Build, train, and run your TensorFlow model
To really dive into AI, you need to use one of the many frameworks provided for these tasks. TensorFlow, a machine learning library from Google, is the most well-known and widely used framework to do this kind of work. It has several layers, allowing you to get as deep into the weeds as you need when writing code for machine learning.
For the purposes of this tutorial, we will stay at a fairly high level, using the packaged Keras library. Keras lets you look at neural networks in terms of layers of nodes and is generally easy for new users to use. The library doesn't require a lot of the advanced math that some lower layers might need. Instead, Keras requires just a general understanding of when to apply certain techniques.

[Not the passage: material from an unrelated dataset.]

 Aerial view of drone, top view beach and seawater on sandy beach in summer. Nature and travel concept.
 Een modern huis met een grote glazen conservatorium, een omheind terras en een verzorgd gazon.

In this learning path, we will use Keras to work on the
MNIST data set. Although it is possible for non-AI code to do things such as classifying handwritten digits classification, AI is currently state of the art for such loosely defined tasks. AI also has the secondary benefit of being significantly easier to program in some cases. Some other approaches involve decision trees or support vector machines.
The sections that you will be working through include:
- Reloading the data and creating DataFrames for testing and training
- Creating model features and labels
- Creating a TensorFlow model with several convolution layers
- Dense with softmax activation
- Compiling the model
- Training the model
- Testing the model
- Saving the model
- Running the model
Reloading the data and creating DataFrames for testing and training
02-MNIST-Tensorflow.ipynb notebook. This notebook covers some of the data preparation required, as well as training the model and evaluating the model.
Because this is a new notebook, you need to load the TensorFlow data again, as shown in Figure 16.
You are now ready to create model features and labels.
Creating models and features
After you create the DataFrames, split the data set in the same way, separating the features from the labels using the following Python code:
train_features: np.ndarray = train_df.loc[:, 1:].values
Next, you need to unpack the features you extracted into a four-dimensional data structure. This is necessary because of the AI we will be using later in the notebook. The AI will have a convolutional layer. We'll explore this layer in more detail in the sections that follow. However, to use it, we need to format the data in the way the machine learning methods expect. The convolutional layer expects each input to be a three-dimensional array containing a set of pixels arranged by width and height. Then, each element in that matrix must be an array of one to three elements. Our data set is all greyscale, so we'll have a single element in each array, But images could also be represented as a set of three elements representing an [R, G, B] pixel value.
In our case, we simply reshape our features into 60,000 28x28x1 arrays using the following Python code:
train_features = train_features.reshape((train_features.shape, 28, 28, 1))
Next, you need to normalize the data. This is a very important step for two reasons: First, it helps the model learn faster when the inputs are in the range [0, 1], and second, it helps prevent a problem known as vanishing/exploding gradients in certain neural networks
Note: The exact nature of the vanishing/exploding gradient problem is out of the scope of this demo, but you can find some information on the nature of the problem in this article.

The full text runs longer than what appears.